“Companies around the world are acknowledging that work is not where we go, it’s what we do. Where and when work gets done will be determined by what makes the most sense to drive the highest levels of productivity and engagement. This has important implications for the new world of work, ranging from issues such as company culture, inclusion, and seeking employees with traits beyond job-specific skills.” – Bert Miller, President and CEO, MRINetwork
Europe, Middle East and Africa
Companies around the world are currently engaged in a delicate balancing act as they transition from crisis-mode to preparing and executing, plans for the future of work. Organisations are having to get this balance right across Europe as countries come out of local lockdowns at varying speeds; offices in Germany and the Netherlands have reopened much earlier than the UK, for example.

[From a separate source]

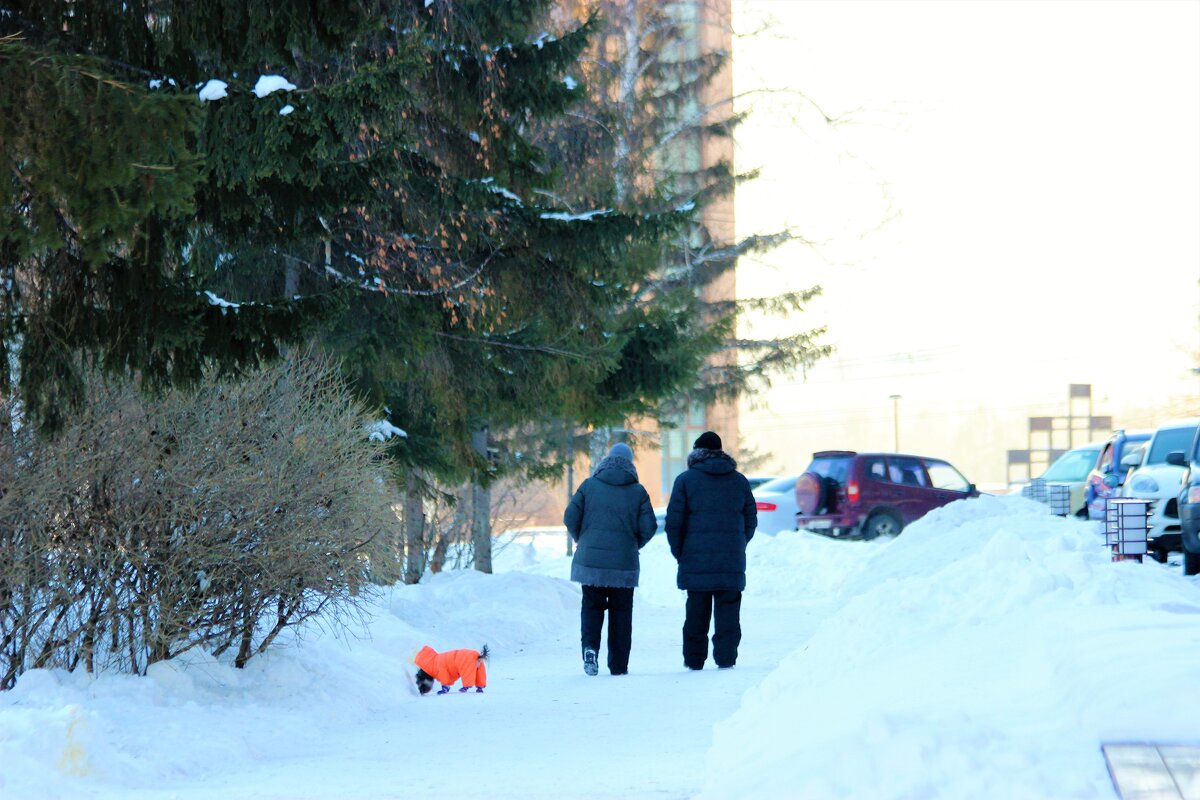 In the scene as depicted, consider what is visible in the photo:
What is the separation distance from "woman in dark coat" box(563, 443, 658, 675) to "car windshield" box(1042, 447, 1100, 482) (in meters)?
17.2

According to a recent European Occupier Survey conducted by CBRE, a global provider of real estate services, 93% of occupiers of office space indicated that remote working will increase in the coming years, but this will not necessarily be as a replacement for office space. “Fluidity will come in the form of working from a variety of locations (from home, to headquarters, to flex office to coffee shop) reflecting the diversity of tasks and the preferences of employees,” notes the report. “For example, at aggregate European level, the proportion of the workforce working from home ‘sometimes’ has risen from 6% to 9% over a 10-year period. This is not a uniform trend; in Germany this proportion has declined with workers shifting from working from home ‘sometimes’ to ‘usually’ in increasing numbers, the opposite to what we have seen in France. The UK has been the most fluid of these countries, with over a fifth of employees working from home ‘sometimes’ over the decade.”
Both working from home ‘sometimes’ and ‘usually’ mean that most employees go to an office much of the time. There will be a subtle acceleration of the trend towards greater provision and focus of wellbeing measures in the workplace over the next 12 months. This will begin with a review of workplace density, cited by 46% of European occupiers in CBRE’s survey, but will extend beyond this, including the continuation of health and safety elements enforced by the pandemic such as enhanced cleaning and observation of social distancing, as well as investments in touch-free technology and mental health and wellbeing programmes. Occupiers are trying to create great workplaces that attract, retain and engage the best talent across markets.
The outlook for at least the next 12 months suggests that the temporary forced mass remote working pilot will help accelerate the trend of fluid working, rather than lead to a wholesale structural shift in such a short-period of time.
Job losses across Asia-Pacific could double due to coronavirus — and some of these jobs may not come back for a while, S&P Global warned, as reported by CNBC. “Unemployment rates across Asia-Pacific could rise by well over 3 percentage points, twice as large as the average recession,” said S&P’s Asia Pacific Chief Economist Shaun Roache.
The services industries are among the first to feel the impact of those lockdowns, but that very sector is also what’s driving job creation in countries like Japan and South Korea, the ratings giant said. “Jobs are at the core of the current economic crisis,” said Roache. Measures designed to limit viral spread are striking at the heart of the engine of job creation across Asia-Pacific — the service sector. Service sector activities often require human-to-human contact while mitigation policies aim at social distancing. The clash of these two is obvious.”
“Given the way the services sector is being hit by social-distancing measures, it’s plausible that, for every percentage point fall in growth in Asia-Pacific, the rise in unemployment could be larger now than in previous cycles,” the report said.
Among nine major economies in Asia-Pacific, the largest increases in unemployment rates on average were seen in Australia, Hong Kong and New Zealand, according to S&P, which analyzed official data from those countries going back to 1980.
The economic outlook for Latin America, which is now the global epicenter of the coronavirus pandemic, was downgraded yet again this month. Lockdowns at home and the global recession will pummel economies through various channels including lower trade, commodity prices, tourism activity, remittances and domestic demand, according to a report by FocusEconomics, which provides forecasts from leading world economists.
Inflation in Latin America inched up to 5.9% in June from 5.8% in May, which had marked a two-year low. Higher inflation in Brazil and Mexico, mainly owing to recovering energy prices, drove the uptick. Economic slack has kept inflation broadly in check in most countries. Regional inflation is expected to ease from current levels going forward, largely on muted demand.
The central banks of Brazil, Colombia and Mexico slashed their policy rates yet again in recent weeks in a bid to further shield their economies from the Covid-19 fallout. Meanwhile, policymakers in Chile and Peru opted to leave benchmark rates steady at their multi-year lows. Central bankers overall are seen cutting rates further by year-end, according to the report.
“The vast majority of the region’s currencies lost ground against the USD over the past month, with the Brazilian real especially battered due to the alarming state of soaring Covid-19 cases in the country. The Colombian peso was the only currency which strengthened against the greenback. Currencies are projected to weaken much more sharply this year compared to 2019,” predicts the report.